» **EXERCISE**: From the records below, please repeat exactly the line that has "Un patio con", the line that has "Jeune couple avec", and every line between them, and nothing else.

» **SUPPLIED MATERIAL**:
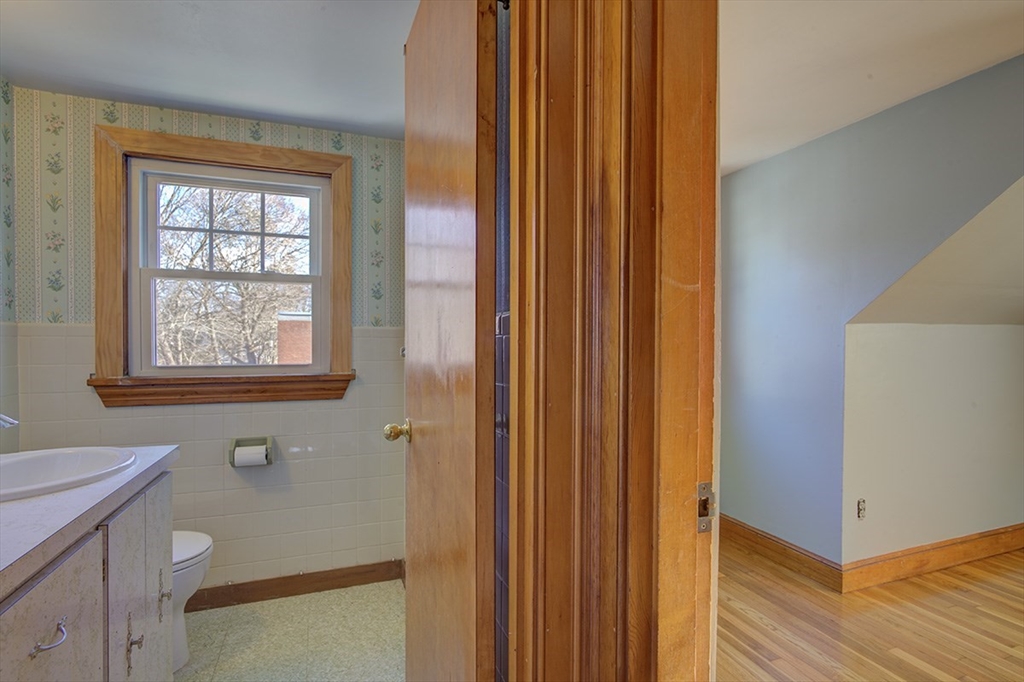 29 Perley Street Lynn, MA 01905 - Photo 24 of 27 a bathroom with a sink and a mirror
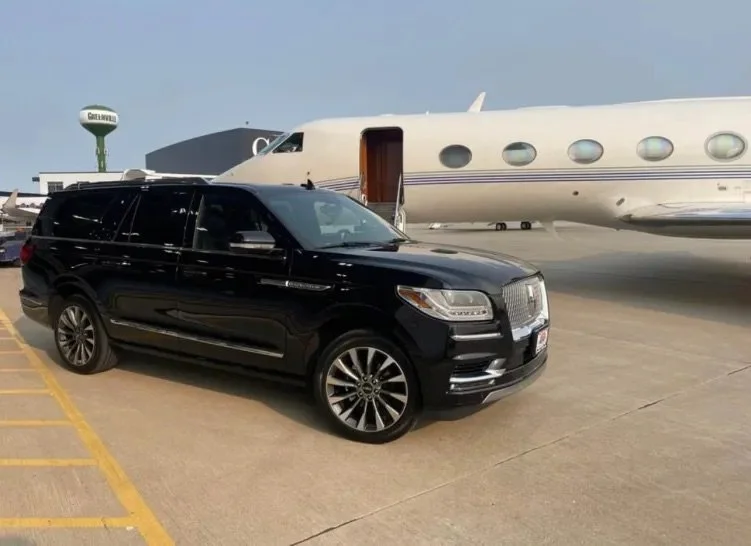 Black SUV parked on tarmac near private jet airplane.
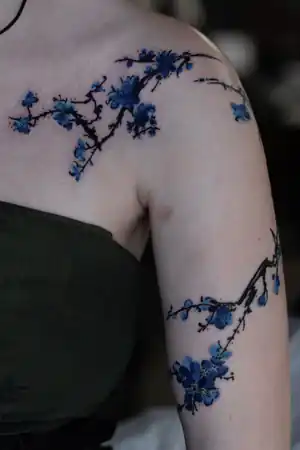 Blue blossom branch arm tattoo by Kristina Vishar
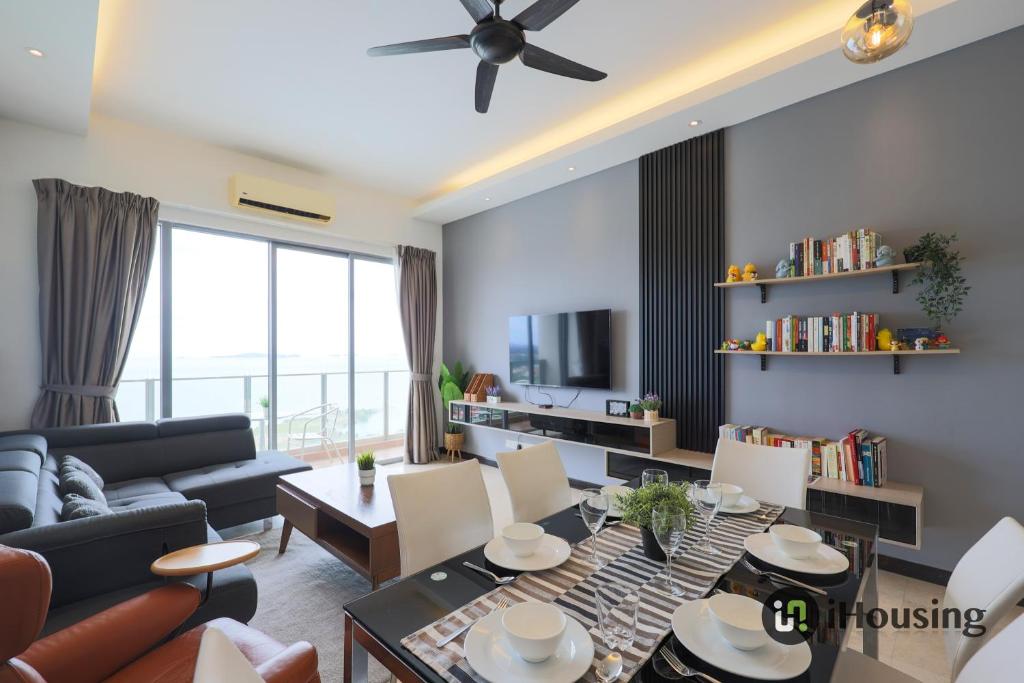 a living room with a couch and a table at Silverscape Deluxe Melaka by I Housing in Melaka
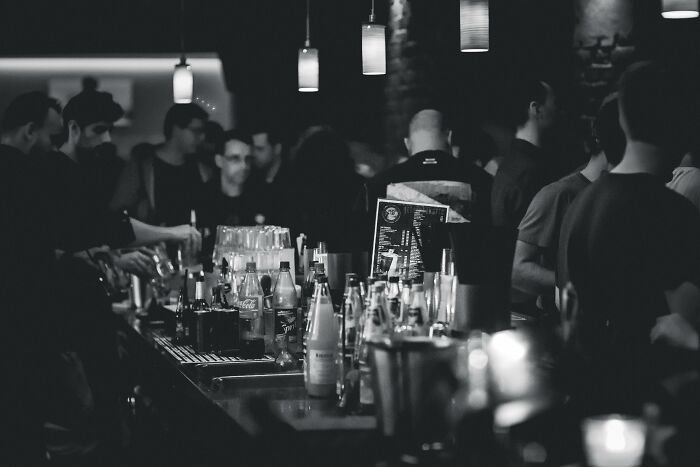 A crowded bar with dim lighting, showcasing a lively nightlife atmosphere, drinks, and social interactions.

* * *

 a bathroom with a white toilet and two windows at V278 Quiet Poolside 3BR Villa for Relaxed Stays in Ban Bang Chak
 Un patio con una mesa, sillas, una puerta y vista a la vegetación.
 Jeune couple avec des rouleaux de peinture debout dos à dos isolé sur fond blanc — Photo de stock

---

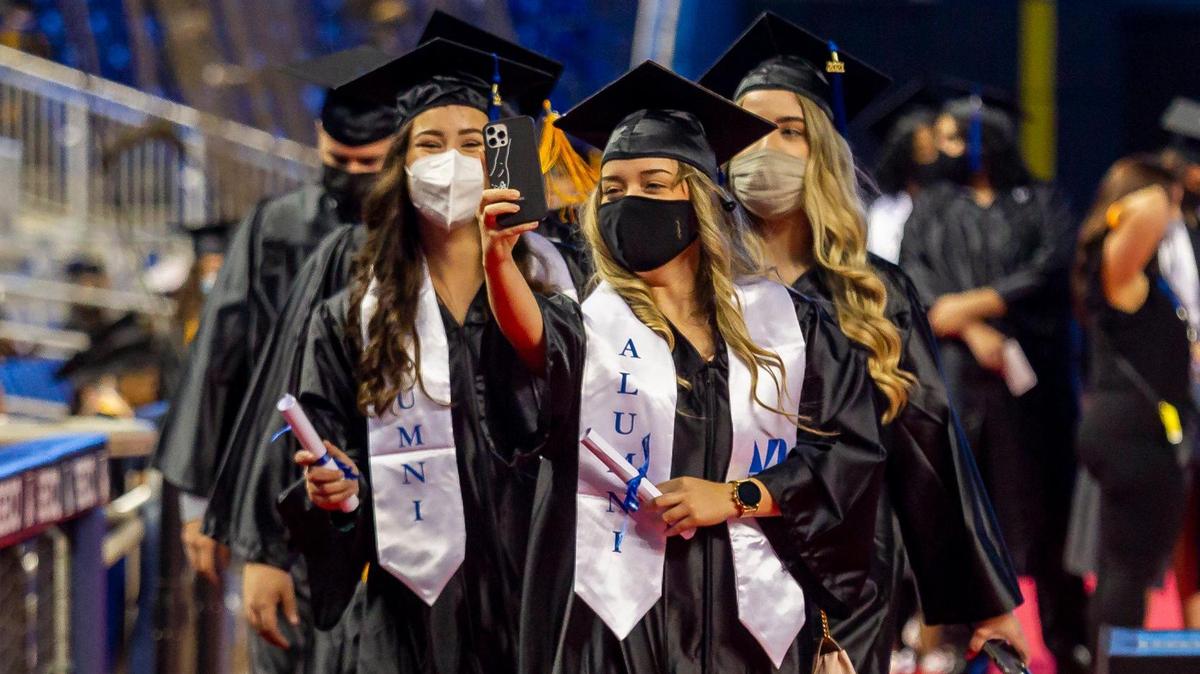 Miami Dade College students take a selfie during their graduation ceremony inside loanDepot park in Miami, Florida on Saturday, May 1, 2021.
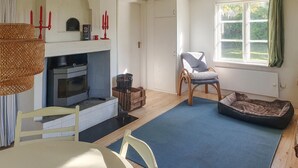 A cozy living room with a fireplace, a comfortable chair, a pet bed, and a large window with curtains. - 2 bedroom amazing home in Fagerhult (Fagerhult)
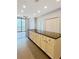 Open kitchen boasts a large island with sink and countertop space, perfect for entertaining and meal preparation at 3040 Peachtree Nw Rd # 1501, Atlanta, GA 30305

» **SOLUTION TO THIS EXERCISE**:
 Un patio con una mesa, sillas, una puerta y vista a la vegetación.
 Jeune couple avec des rouleaux de peinture debout dos à dos isolé sur fond blanc — Photo de stock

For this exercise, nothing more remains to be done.